Painting Your Masterpiece

It’s easy to get discouraged any time you begin something new.  You’ve seen paintings that you like and your expectations are high for how you’d like your work to come out.  Unfortunately, unless you bring some previous training, or natural talent, you may feel disappointed with what you are creating with your brush.

I’m a goal oriented person.  Straight line from point “A” to point “B” please.  I like to see results.  Seeing something in my imagination and then trying to transfer that to paper or canvas was more complicated than I hoped it would be.

One of the best results I’ve had in pursuing art is learning to enjoy the time spent and the process.   Of course I’m thrilled when the result is close to what I was hoping for.  But, finding myself completely lost in the work, time passing without my even realizing it — that is something I hadn’t allowed myself to enjoy much in my past.  I wonder if allowing myself the freedom to enjoy the process is one of the main things art needed to teach me.

Developing skills takes time.  Time must be spent on what you want to achieve.  Unless you are like a child prodigy who walks up to a piano and plays what she has heard, (which as far as I know, is a very small percentage of the population) you will have to work towards painting a masterpiece.

Most people think that artists are born with a special talent that the rest of us just didn’t get.  I believe that’s true in a few cases – like the musical child prodigy.  But, painting is a skill that takes practice and time.  Most everyone I know who plays the piano took lessons as a child, practiced several hours a week, and perhaps repeated this for YEARS.  I’ve never known anyone who walked up to a piano and expected to sit down and play a masterpiece without having put in hours upon hours of practice.  Why we think art is different, I’m not sure.  But I believe that even most of the great painting masters had to develop their skills.  Many of them spent every day, all day in their studios practicing their craft.

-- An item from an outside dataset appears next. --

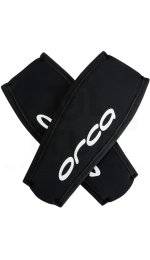 Orca Swimrun Calf Guards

I like to work in my art journals.  In my journals, I give myself permission to experiment, without expecting my result to be displayed.  It’s for me to enjoy the process and not sweat the details.  I turn on music that really makes me feel happy and I paint for the sheer love of it.  And gosh, there are some really wacky looking pages!   But I’ve always felt it was time well spent.  So give yourself permission to just put color on a page.  Make swirls, or splashes.  Create layers, or geometric designs.  Paint stripes and polka dots if that’s what you are feeling today.  Enjoy whatever time you can carve out and feed your artistic appetite.  Whatever you feed will grow.